Elle a déclaré qu’il s’agit d’une obligation collective « de protéger cette population précieuse mais vulnérable dans un esprit de responsabilité mutuelle ».
Rabinowitz a déclaré au Times of Israel que les vaccins ne proviendraient pas de l’approvisionnement d’Israël.
« Ils seront achetés sur le marché libre, et utilisés pour combler les lacunes dans divers pays où les survivants de la Shoah ne devraient pas être vaccinés dans un avenir proche ».
La plupart des frais seront couverts par des fondations caritatives privées et des philanthropes, selon M. Rabinowitz, et ils seront administrés par des prestataires de soins de santé locaux, des médecins privés ou des bénévoles de Shalom Corps.
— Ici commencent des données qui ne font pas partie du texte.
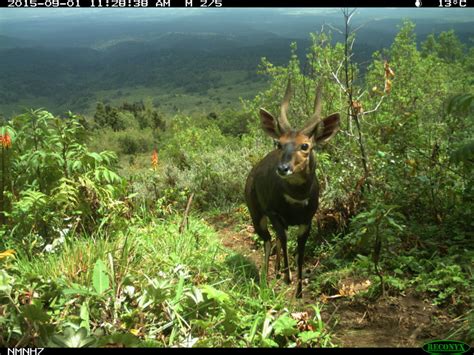 17 of the Coolest Animals on Mount Kenya - Stephanie Manka, Ph.D.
Il n’a pas précisé quel était le budget du programme.
Les vaccins COVID-19 homologués ne sont pas actuellement vendus dans le secteur privé, mais une entreprise, AstraZeneca, a indiqué qu’elle pourrait proposer ses vaccins à la vente dans le sous-continent indien.
M. Rabinowitz a déclaré que Shalom Corps travaillera, dans la mesure du possible, en partenariat avec les autorités des pays où résident les survivants. « Nous aimerions que les gouvernements et les ministères de la Santé administrent ces vaccins », a déclaré M. Rabinowitz. « Mais lorsque ce n’est pas possible, pratique ou opportun, nous devrons prendre d’autres mesures, que ce soit en contractant avec des tiers ou en le faisant nous-mêmes ».
Halbertal, co-auteur du code d’éthique de l’armée israélienne et professeur à l’université de New York et à l’université hébraïque de Jérusalem, a déclaré que les questions morales entourant le projet étaient complexes.
Il a déclaré que d’une part, le fait d’aller dans un pays et de donner la priorité aux vaccins pour certaines personnes semble « moralement incorrect ». Il a également noté qu’une telle action d’un groupe soutenu par le gouvernement israélien pourrait finir par être « politiquement peu judicieuse ».
Mais Halbertal a ajouté que les survivants de la Shoah sont devenus un symbole, et qu’une tentative de les traiter avec une gentillesse particulière dans leur vieillesse est justifiée compte tenu de leur souffrance.
Le projet est un « geste de résonance humaine symbolique » qui « transcende le calcul moral », a-t-il déclaré.